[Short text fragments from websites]
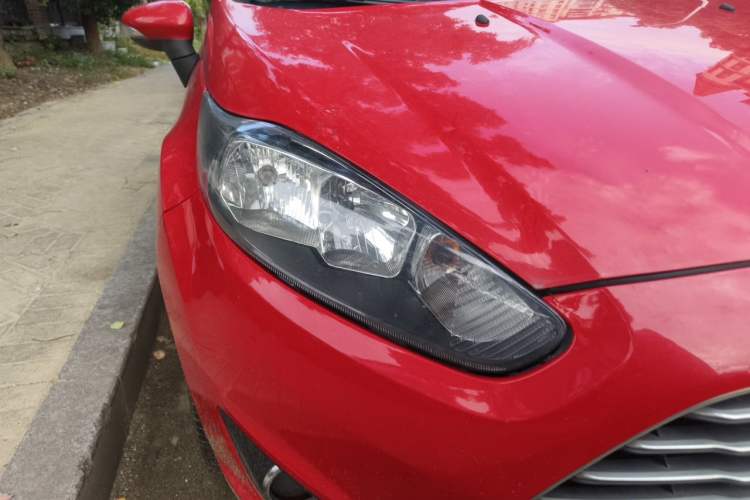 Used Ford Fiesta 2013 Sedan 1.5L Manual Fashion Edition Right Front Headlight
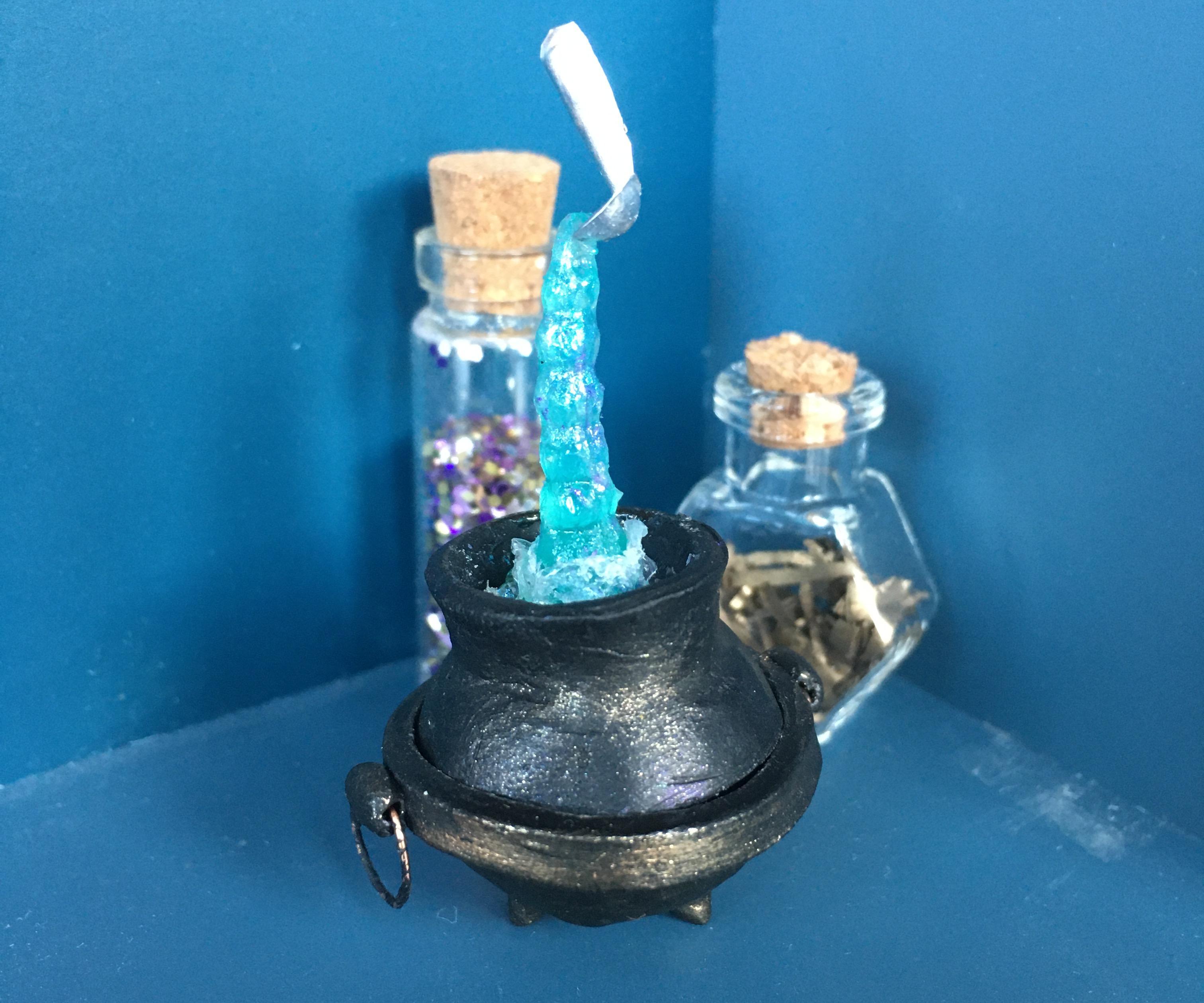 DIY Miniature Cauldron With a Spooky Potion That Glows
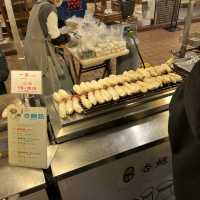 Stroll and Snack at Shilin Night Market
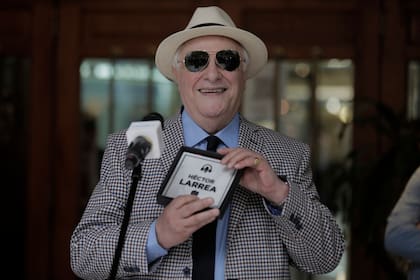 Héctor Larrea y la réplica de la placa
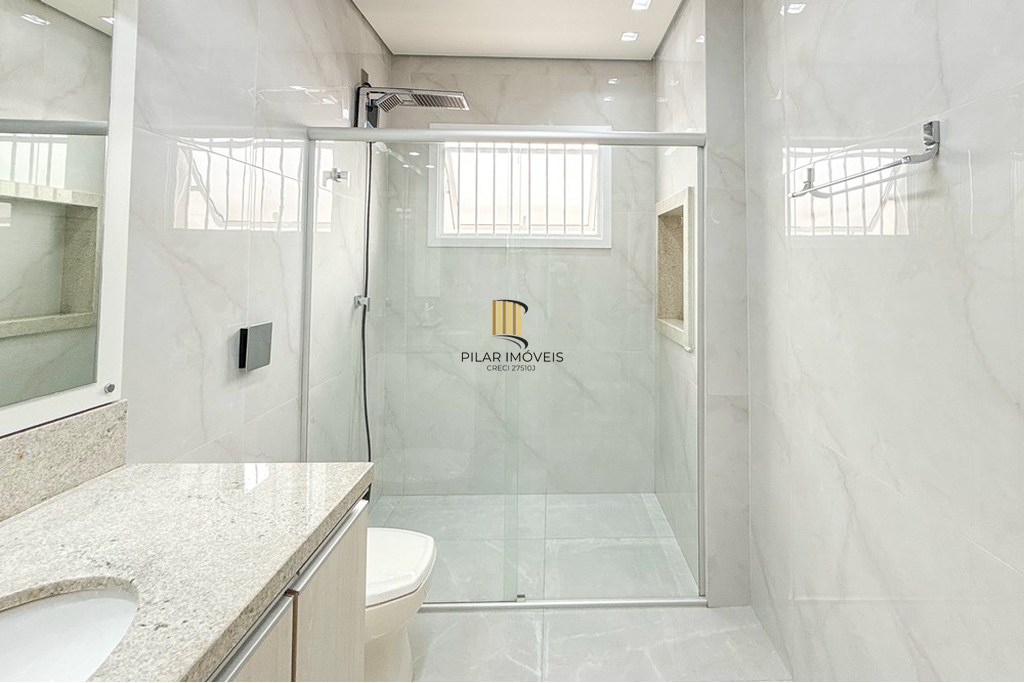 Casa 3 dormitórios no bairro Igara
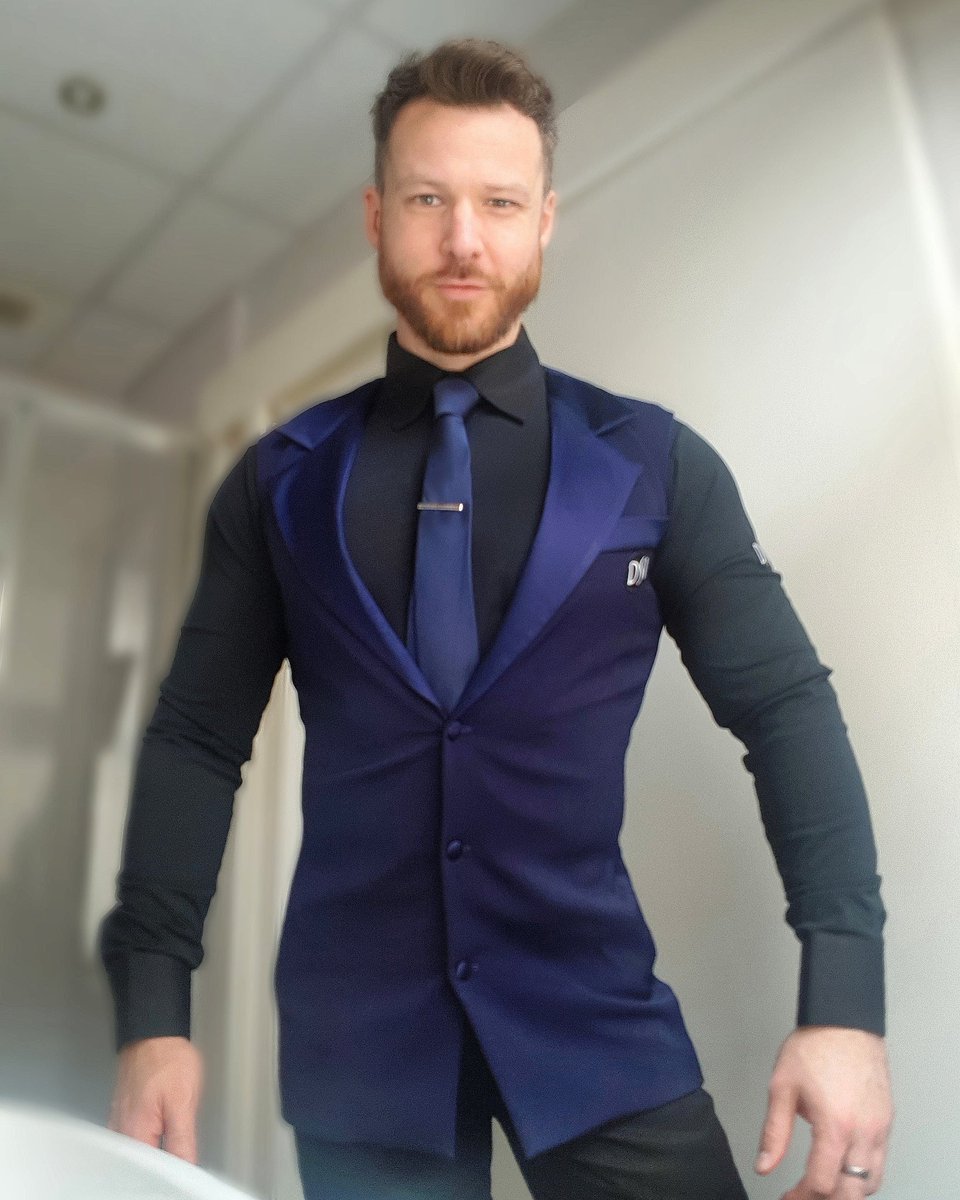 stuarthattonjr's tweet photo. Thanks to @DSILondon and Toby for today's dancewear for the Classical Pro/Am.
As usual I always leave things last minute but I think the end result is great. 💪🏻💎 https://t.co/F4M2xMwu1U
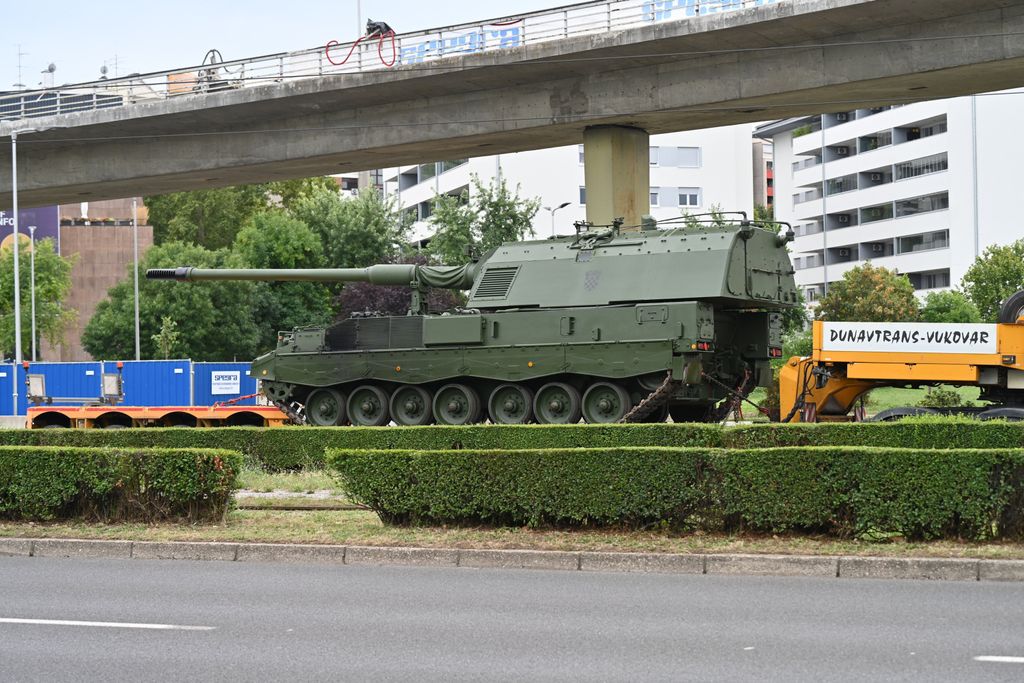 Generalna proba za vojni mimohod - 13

About this task:
Set the entries down again exactly. Do not include the images.

Exercise output:
 Used Ford Fiesta 2013 Sedan 1.5L Manual Fashion Edition Right Front Headlight
 DIY Miniature Cauldron With a Spooky Potion That Glows
 Stroll and Snack at Shilin Night Market
 Héctor Larrea y la réplica de la placa
 Casa 3 dormitórios no bairro Igara
 stuarthattonjr's tweet photo. Thanks to @DSILondon and Toby for today's dancewear for the Classical Pro/Am.
As usual I always leave things last minute but I think the end result is great. 💪🏻💎 https://t.co/F4M2xMwu1U
 Generalna proba za vojni mimohod - 13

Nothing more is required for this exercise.